Wesfarmers subsidiary CSBP has commenced a feasibility study into doubling the ammonium nitrate production capacity at its Kwinana complex.
The study is expected to be completed within 12 months.
It wants to increase its overall ammonium nitrate capacity to about 470,000 tonnes a year.
This will involve the construction of a duplicate nitric acid plant, a second ammonium nitrate plant and a new prilling tower.
CSBP managing director Keith Gordon said the company had to respond to increasing demand for ammonium nitrate.
A large proportion of that ammonium nitrate is being demanded by the mining industry and there is also a need for it in CSBP’s own Flexi-N liquid fertiliser.
"On its own, the forecast demand for explosive grade ammonium nitrate from the mining sector does not justify investing capital in a duplication," Mr Gordon said.
"However, the rapid growth in demand for Flexi-N, represented by a 20-fold increase in sales over the past five years, will help to underwrite the investment.
"Flexi-N has become a major component of our fertiliser offer and the unprecedented growth has outstripped our production capacity.
"Our aim is to manufacture 100 per cent of the State’s explosive grade ammonium nitrate and Flexi-N requirements."
One possible cloud on this plan could be the move afoot to regulate the use of farm fertilisers because they use ammonium nitrate.
The fear is that the fertiliser can be misused to create explosives.
Ironically, it is understood that these moves are not aimed at the ammonium nitrate market for the mining industry – where it is used as an explosive.
Murrin Murrin’s new mine fleet
Kerry Stokes’ Westrac Equipment and Hitachi Construction Machinery Australia have won contracts totalling $144 million to supply and maintain a new mine fleet for Minara Resources’ Murrin Murrin operations.
The existing mine fleet is scheduled to be retired next year and the new fleet comprising 26 pieces of equipment will be delivered to the site over the next 12 months.
Westrac and Hitachi have established arrangements for the provision of fleet maintenane services to Murrin Murrin over the next six years.
The initial acquisition cost of the new fleet is $52 million and will be financed externally. Minara’s share of the cost is 60 per cent.
Finance negotiations are said to be at an advanced stage.
Minara managing director Peter Johnston said the contracts came at a time when the mine was expanding its production capacity in order to maintain supply due to the improving performance of the plant.
The mine is also moving into new areas.
Orchid strengthens Tibetan position
Australian investment company Orchid Capital’s 100 per cent subsidiary Orchid resources has signed an additional memorandum of understanding with the China Tibet Institute of Geology Survey to further review the CTIGS database of mineral prospects, giving ORL priority over future developments in the region.

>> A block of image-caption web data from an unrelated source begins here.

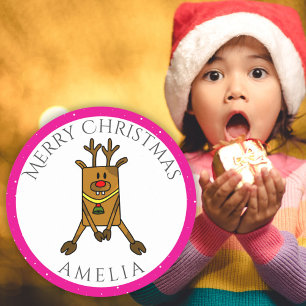 Niedliche Funny Deer Christmas Kid`s Name Geschenk Runder Aufkleber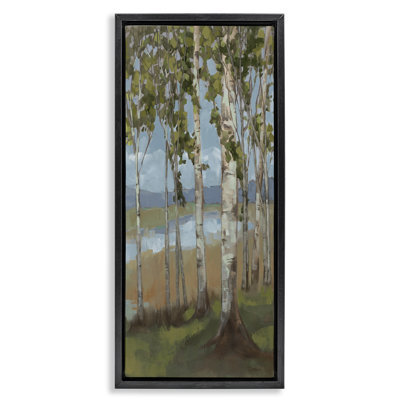 «Rustic Birch Copse», art mural encadré sur toile flottante par Trevor Copenhaver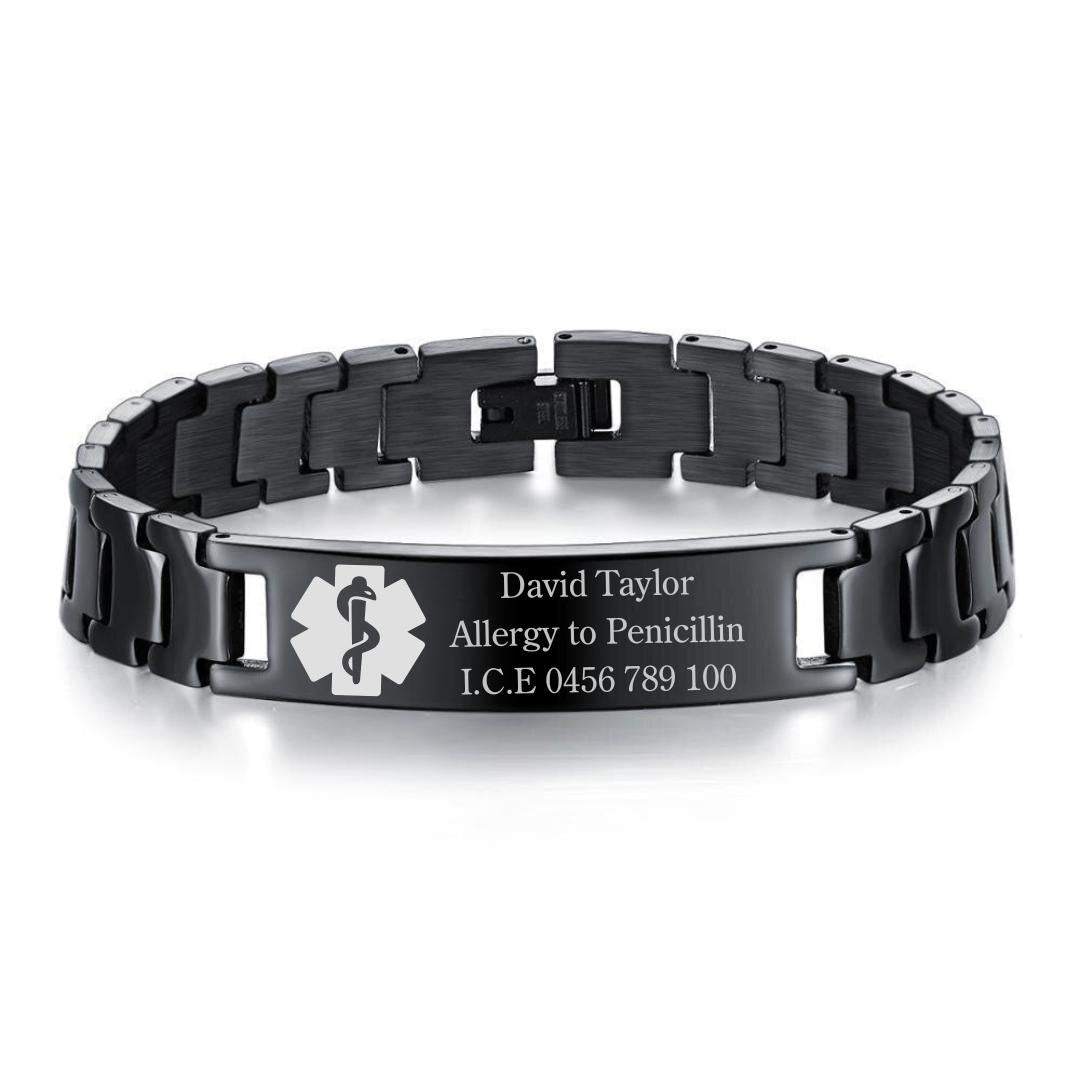 (Copy) Aussie's Lifeline Elegance Black Medical ID Bracelet-Medical ID Bracelet-Auswara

Under the agreement ORL will work with specialists from CTIGS to jointly determine exploration prospects that will show the greatest economic potential. The program is expected to start later this month.
ORL recently became one of the first companies to sign a cooperative joint venture contract with CTIGS to explore for gold in a 2,000 square kilometre region of western China.
Exploration efforts are currently focused on six targets that have been identified at the Nagarze Project.
Arafura’s benefit
The Burnside Joint Venture’s purchase of the Union Reefs Gold Project from Anglo Gold Ashanti Australia has given a boost to Arafura Resources’ planned mine.
The Union Reefs plant is located within easy trucking distance of Arafura’s planned gold mine at Mt Morter and the nearby promising Frances Creek high grade gold vein system.
Arafura has lodged a Notice of Intent with the Northern Territory Mines Department to commence mining the Mt Porter ore body and is awaiting permit approvals.